Although I've had a GitHub account for a while, I didn't really use it much until last week, when I taught my Seattle Central students how to use version control for project sharing. That lesson was the first chance I'd had to play with GitHub's Windows client (although I develop most of my web code on Linux, I do a lot of JavaScript work on my Thinkpad in Windows). It seemed like a good time to clean up my account and create a few new repositories for projects I'm working on, some of which other people might find interesting.
Code is my personal JavaScript utility belt--I use it for throwing together quick projects, when I don't want to hunt down a real library for any given task. So it provides a grab-bag of functionality: Futures/Promises, an extremely limited template system, shims for Function.bind and Base64 encoding, basic object/array utilities, and a couple of useful mixins. I started building this at CQ and took it with me because it was just too handy to lose. While I doubt anyone else will be using this instead of something like Underscore, I wanted to put it in a repo so that I can keep a history when I start removing unused portions or experimenting.
Grue is undoubtedly a cooler project: it's a small library for quickly building text games like Zork. I originally wanted to port Inform7 to JavaScript, but found myself stymied by A) Inform7's bizarre, English-like syntax, and B) its elaborate rule matching system. The fact that there's no source to study for the Inform7 compiler (not to mention that it's actually recompiling to an older version of Inform, then compiling from there to z-machine bytecode) puts this way beyond my "hobby project" threshold.
Instead, I tried to think about how to bring the best parts of Inform7, like its declarative syntax and simple object heirarchy, to JavaScript. Instead of connecting items directly to each other, Grue provides a "Bag" collection type that can be queried by object property--whether something is portable, or flammable, or contains a certain keyword--using a CSS3-like syntax. Objects also come with built-in getter/setter functions that can be "proxied" to temporarily override a value, or change it based on world conditions.
It takes about 30 lines of Grue code to write the opening scene of Zork I, which is not quite as concise as Inform7, but it's pretty close. I figure Grue is about halfway done--I still need to add more vocabulary, regional rulesets, and some additional types (Regions, Doors, Devices, etc)--but it's close enough to start dogfooding it. Feel free to pull the repo and open "index.html" to see what I've gotten so far.
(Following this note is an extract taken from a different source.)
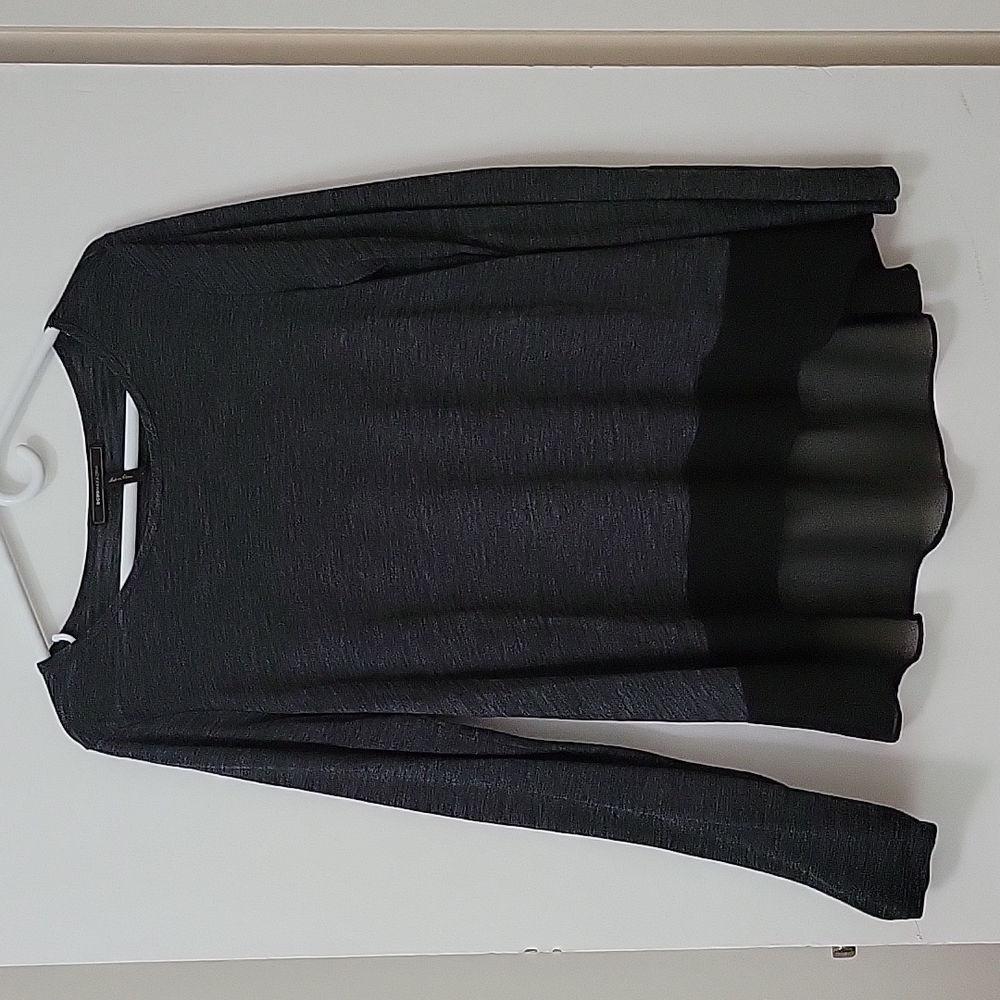 Never worn long sleeve blouse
My fork of KeepassDroid exists entirely to scratch a particular itch: I like the Android port of Keepass, but I find its UI to be functional, at best. The fonts are often too small, and forms end up underneath the virtual keyboard more often than not. So I've changed the view styles, and some of the layout XML, just for my own use (there's a .zip with the compiled application package, in case anyone else is interested). The main project doesn't seem interested in my changes, which is fine by me, but it does mean that every now and then I have to merge in changes from trunk if I want mine up to date. Increasingly, I don't bother.
And then there's one project I've been working on that's not located on GitHub, but went live this weekend. Ever since I started maintaining the web presence for Urban Artistry, it's been a mess of PHP files accreted since they first went online. There was an abortive attempt to move to WordPress in 2010, but it never got anywhere, and it would have used the same theme that someone once described as "a bit like a dark nightclub."
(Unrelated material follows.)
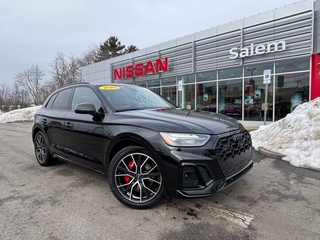 2024 Audi SQ5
When UA went fully non-profit in the state of Maryland, and asked me to be on the board, one of my goals was to turn the site into something that would be a bit more appealing to the typical grant donor. The new site is intented to do exactly that: my design takes its cues from the UA logo with a lightweight, modern feel. The site is also responsive across three sizes--phone, tablet/netbook, and desktop--and since it's built on WordPress, it's easy for other members of the company to log in and make changes if they need to do so. I'm pretty happy with how things turned out, but the design was the easy part: content is much harder, and that's what we're tackling next.